Today the Transportation Security Administration made a major announcement: it is beefing up checks of airport workers. But, there's more to this story than meets the eye.

(CBS)
You may recall two months ago, a CBS News hidden camera investigation showed how airport workers across the country can go from a parking lot right onto an aircraft without so much as a second glance. Meaning, they can carry whatever they want onto or around a plane without anyone knowing. The reason: TSA does not require any of the 452 commercial airports, where it operates checkpoints, to physically screen airport workers like they do passengers (and most pilots and flight attendants.) Instead, ground workers at airports across the country enter restricted areas through back doors using airport identification cards.

Ironically, last week two Comair employees at Orlando International airport were arrested after smuggling 13 handguns, an assault rifle and 8 pounds of marijuana onto a Delta flight from Orlando, Fla., to San Juan, Puerto Rico with 163 passengers and six crew members onboard. The employees used their uniforms and airport IDs to pull off the scheme. Several law enforcement sources tell CBS News that it may be part of a larger smuggling ring.

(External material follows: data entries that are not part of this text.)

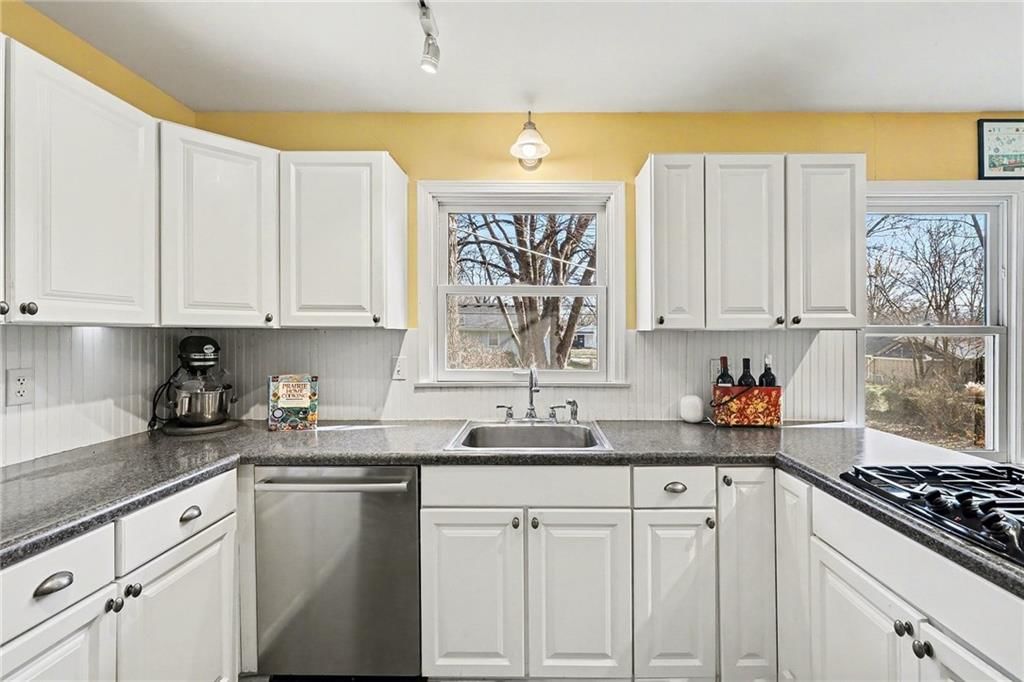 9451 Connell Drive — photo 8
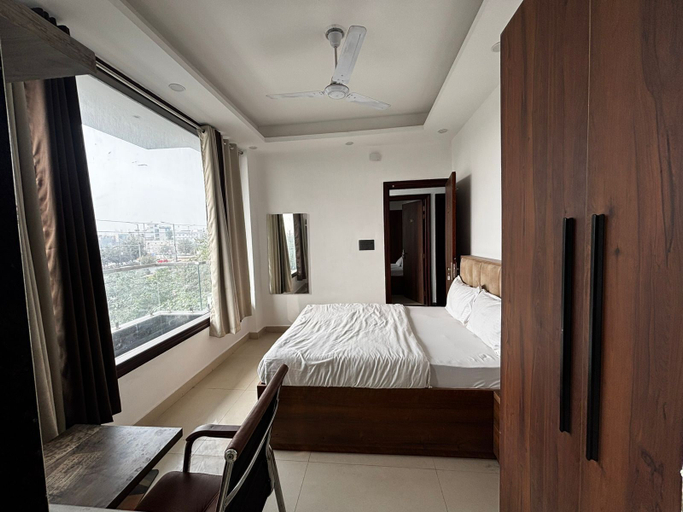 Room 5, Hotel Aura Grand SECTOR - 63A Noida, Gautam Buddha Nagar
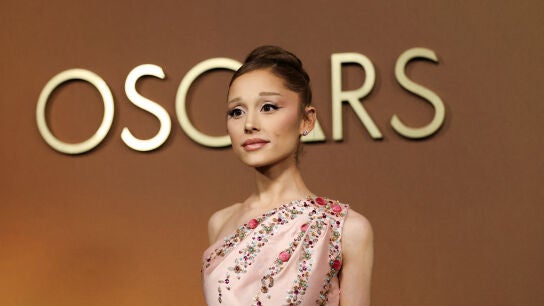 Ariana Grande en los Governors Awards
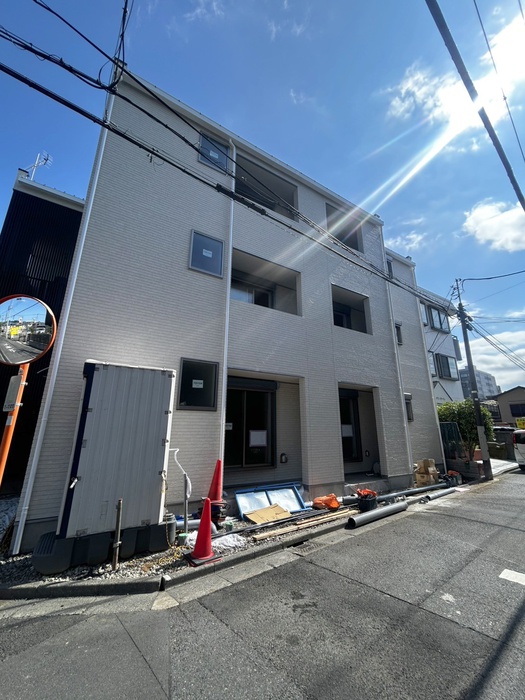 建物外観　建築中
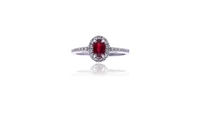 Anello con pietra e diamanti - Asta Preziosi Anello con pietra e diamanti - Asta Preziosi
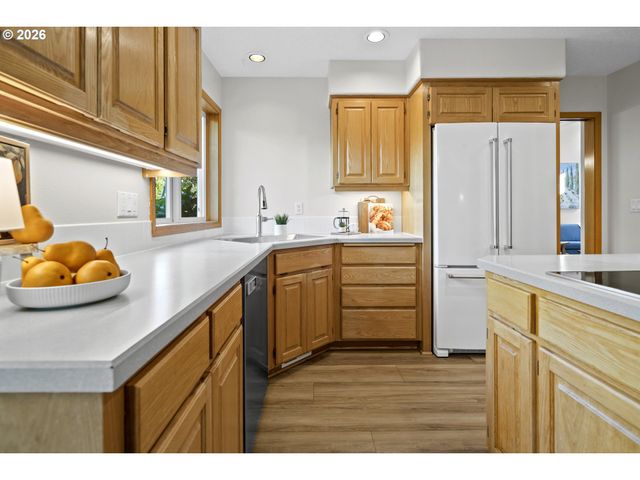 8144 Sw CORAL BELL Ct, Beaverton, OR 97008
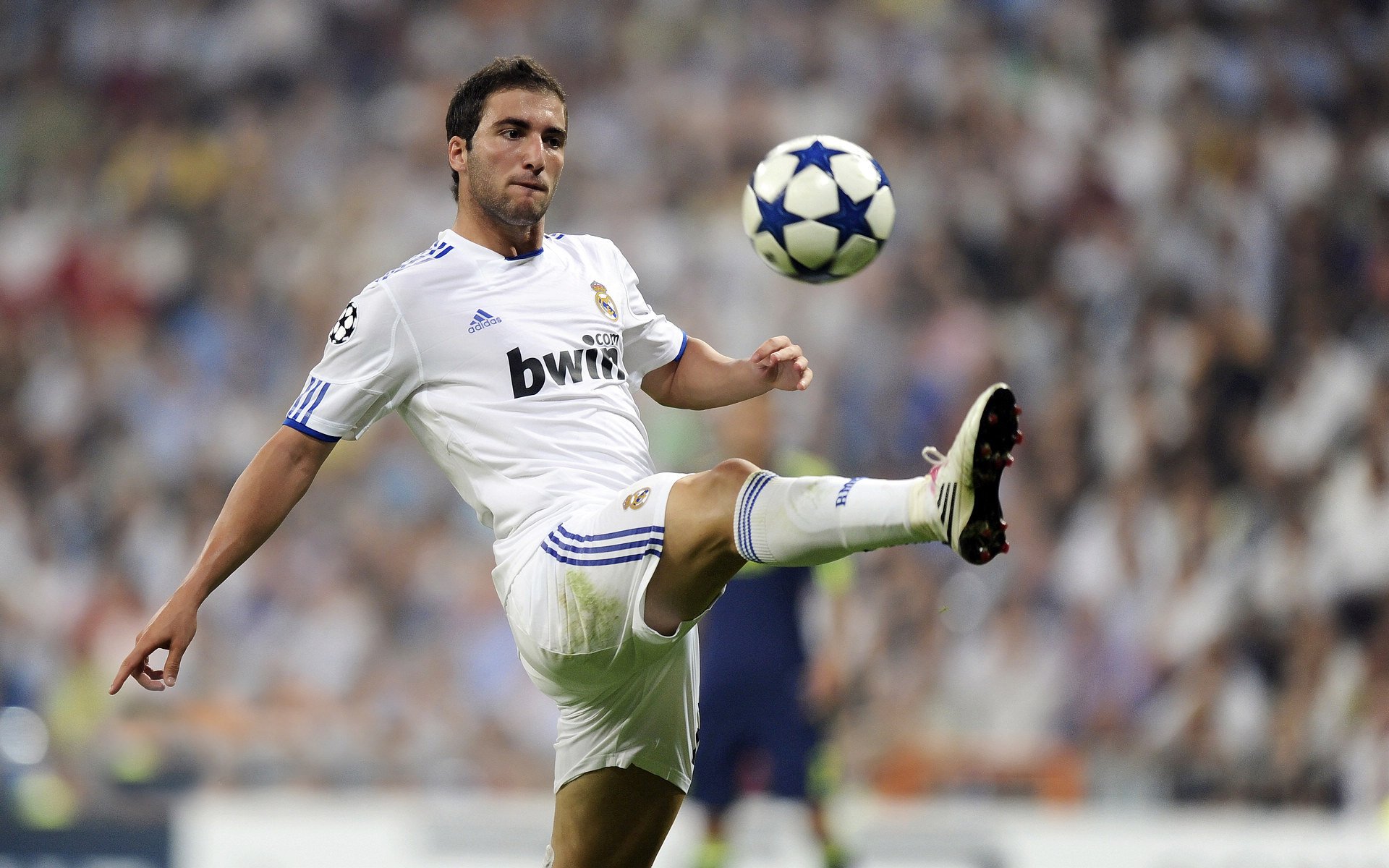 开拓者争冠战惊险胜出广厦队，欧文末节爆发成关键先生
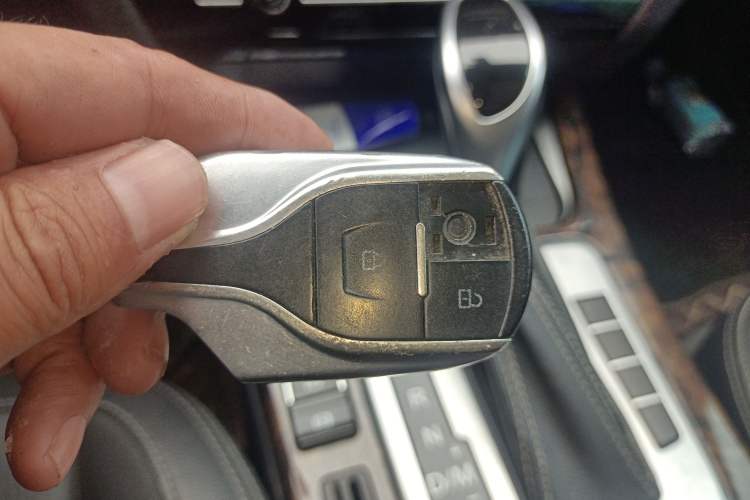 Used Hanteng X7 2018 X7S 1.5T Automatic Luxury Model Vehicle Key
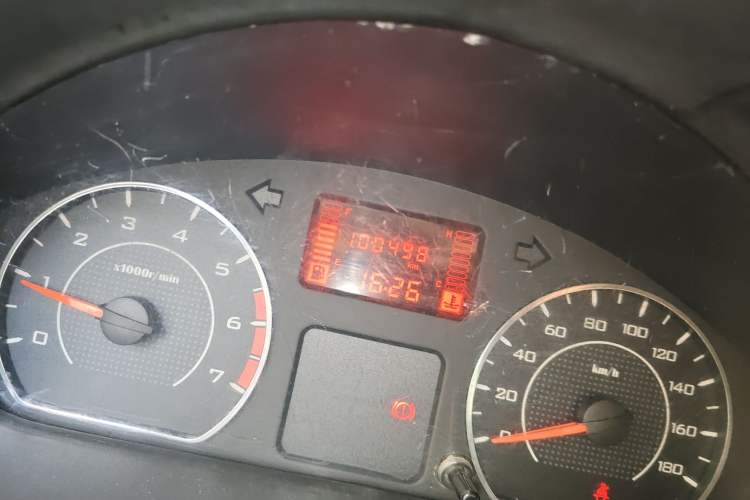 Used Wuling Rongguang V 2016 1.5L Practical Version Odometer Close Up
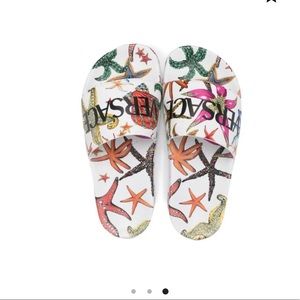 kid versace seashell slides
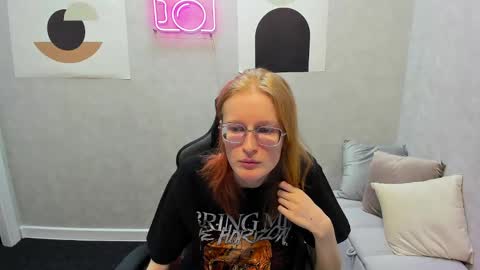 Snapshot of elizabeth_harpper chatting on 01-08-25, 01:32 Elizabeth online show from 01-08-25, 01:32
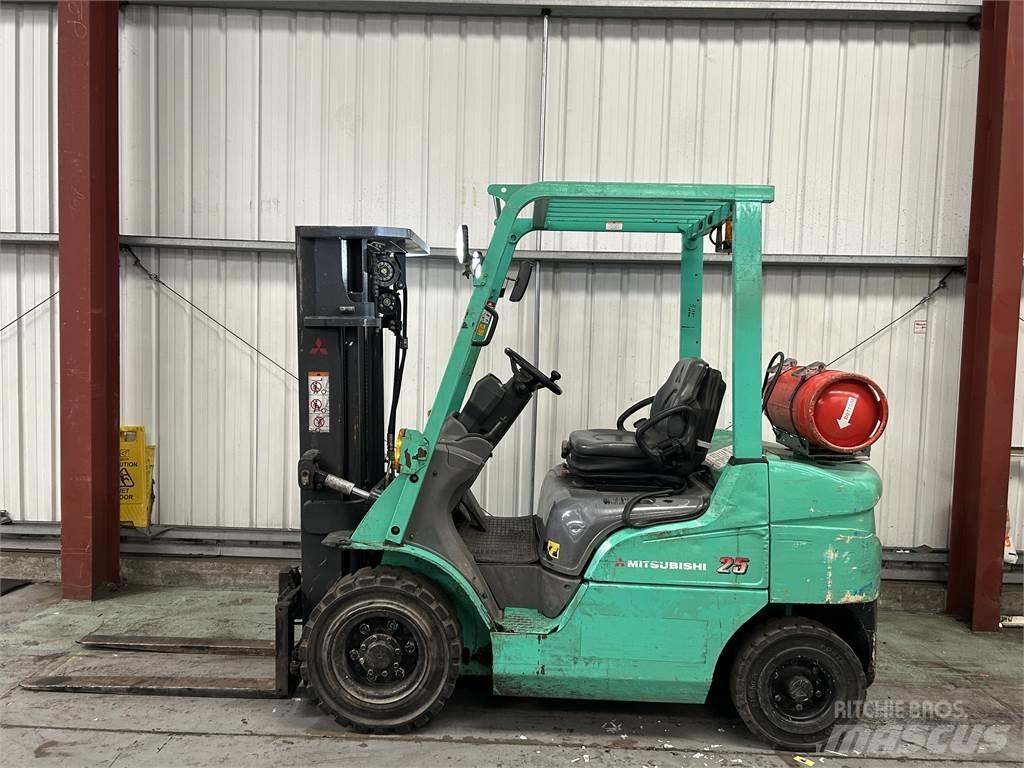 Mitsubishi FG25NT Carrelli elevatori GPL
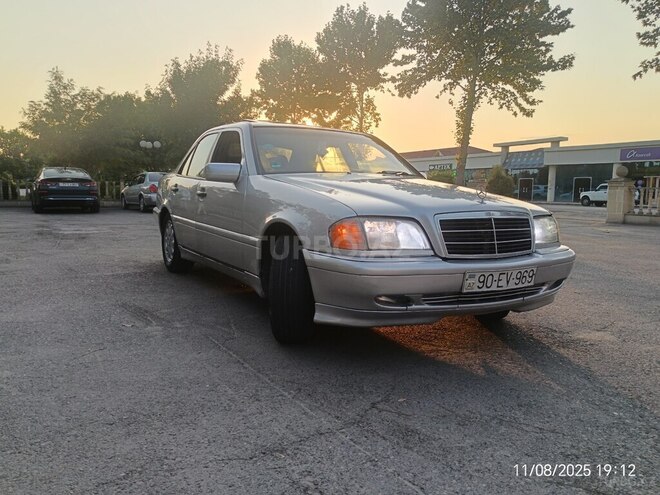 Mercedes C 230 1996, 280,000 km - 2.3 l - Saatlı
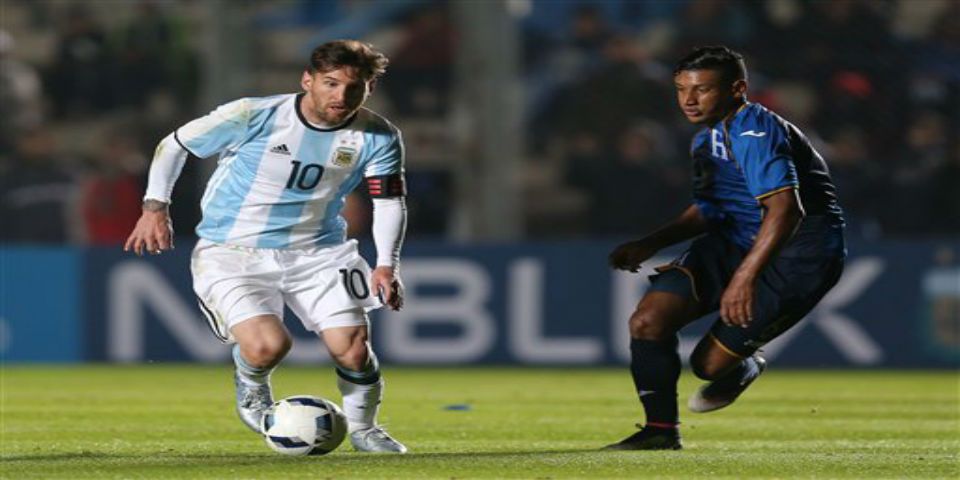 Messi sufre lesión en las costillas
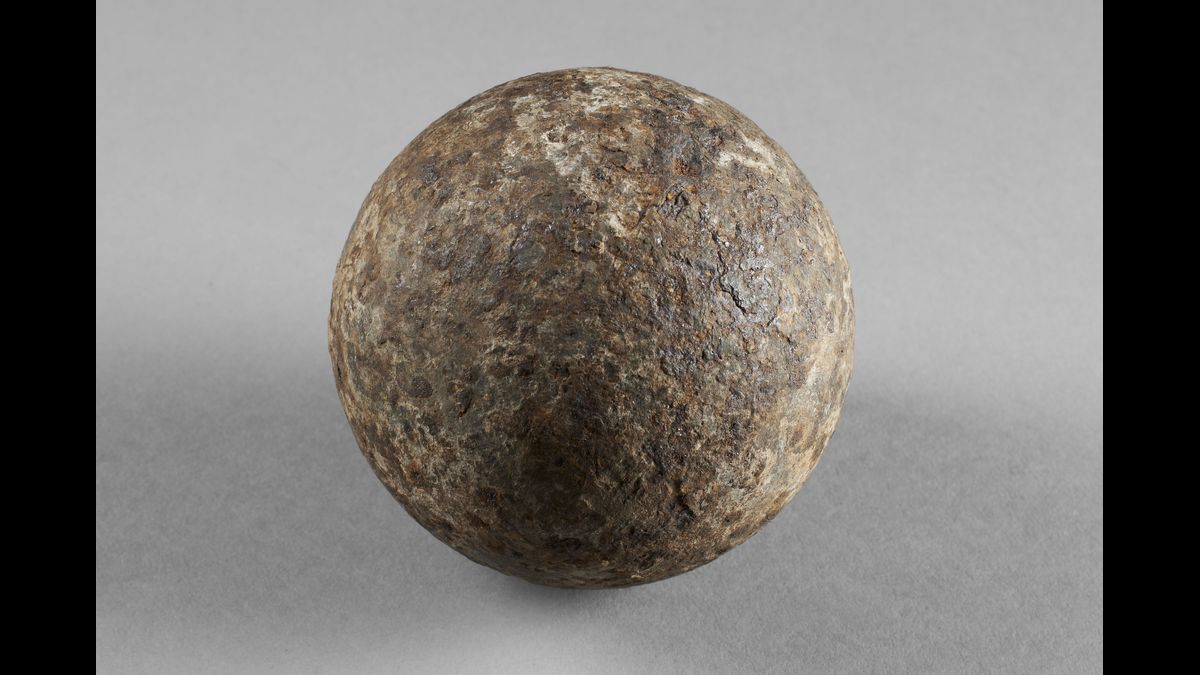 Boulet du champ de bataille de Wagram (C) Paris - Musée de l'Armée, Dist. RMN-Grand Palais / Thierry Ollivier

Meanwhile, today TSA says it has launched what it is calling a "security surge," deploying 160 security officers to randomly screen airport workers at five airports: Orlando International, Tampa International, Miami International, Fort Lauderdale/Hollywood International and Luis Munoz Marin International in San Juan, Puerto Rico.

The intense random checks will last at these airports for the next several days and then the TSA says the "security surge" will move to other airports nationwide, continually rotating around. In a press release TSA administrator Kip Hawley is quoted saying: "Every employee should have a reasonable expectation that they could be screened at any time, at any access point within the foot print of the airport."

TSA spokesperson Christopher White tells CBS News the new "intense" screening will include the help of federal air marshals, K-9 patrols and aviation security inspectors to reduce the number of access points employees have and they will also be auditing airport records to see where workers are going and why.

But security experts are still concerned. "It's barely a band-aid on a bigger problem," says security analyst Charles Slepian. He adds: "what you are seeing is a spot check. A spot check is not good enough. You don't spot check passengers. We certainly should not be spot checking workers."

Captain Tracy Price of the Passenger Cargo Security Group – an airline industry trade association - says it's hard to know what impact this new random screening will have. "The focus should be on dangerous people rather than dangerous things," he says. In response, TSA tell us watching out for 'dangerous people' is part of their mission. But, many industry insiders say they are concerned about the growing number of ground workers who are contract employees. The fear is that these workers may not be getting the same intense background checks even though TSA says they are.

One thing no one seems to dispute is that the access employees have at airports nationwide is of concern to everybody.